Samuel Portillo still has some of the emails University of Arizona advisers sent him when he was getting ready to transfer from Pima Community College.
"Well done in your fall 2014 coursework. Solid performance, dude," wrote Joseph McCollough, known as "Dr. Joe," the College of Engineering's coordinator for transfer student enrollment.
Portillo started attending the UA after high school, but between scheduling conflicts, transportation issues and not being sure of what he wanted to study, he dropped out during the first semester. He started over at Pima, worked hard and was ready to transfer into the Department of Chemical and Environmental Engineering after one year.
"I think my transfer process only took about a month, and that was something I wasn't really expecting," Portillo said. "I felt like I was encouraged by the faculty to ask questions if I didn't understand anything. They were really accommodating on working with me through my nontraditional road to a four-year degree."

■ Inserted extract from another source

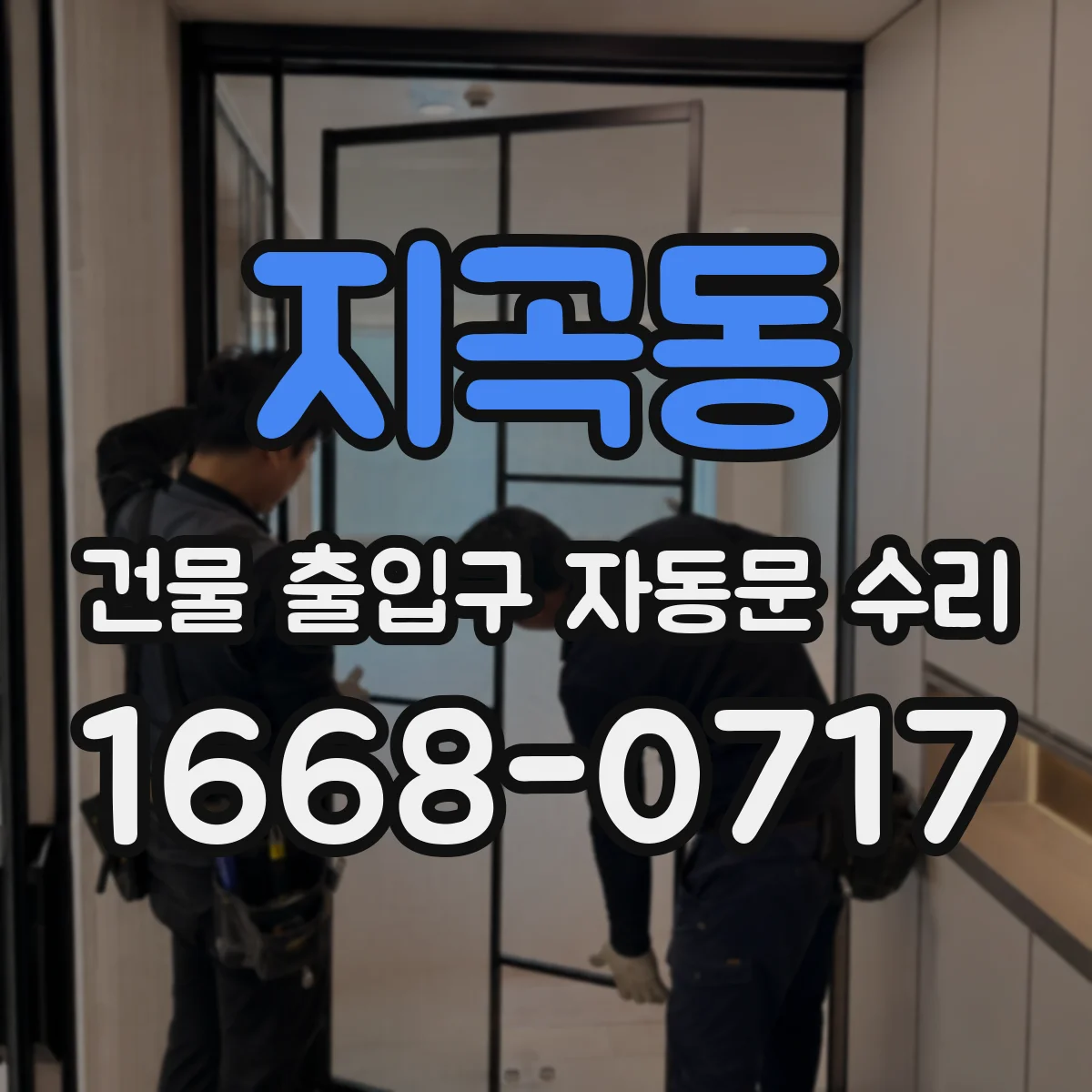 지곡동 건물 출입구 자동문 수리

McCollough's email is just one example of the culture in the College of Engineering and the UA that welcomes and encourages transfer students. As a result, Phi Theta Kappa, an honors society for community college students, recognized the UA as one of the 112 colleges and universities on its 2018 Transfer Honor Roll.
The society honors institutions that demonstrate exceptional commitment to transfer students by providing pre- and post-transfer support, fostering institutional partnerships and collaborations, tracking community college data and developing new methods for recruiting and accommodating transfer students.
One of the most important elements of a successful transfer program is support from a college's administrative team, said McCollough, who also works to keep community college advisers, department heads and faculty members up to date on the UA application process and timeframe.
Opportunities for transfer students through the UA Transfer Center range from Harry Potter movie nights and campus scavenger hunts to office hours with faculty fellows and professional development opportunities through the Transfer Cats in Action club. Portillo, however, was busy diving headfirst into organizations in the College of Engineering, such as the Society of Hispanic Professional Engineers and Engineering Ambassadors.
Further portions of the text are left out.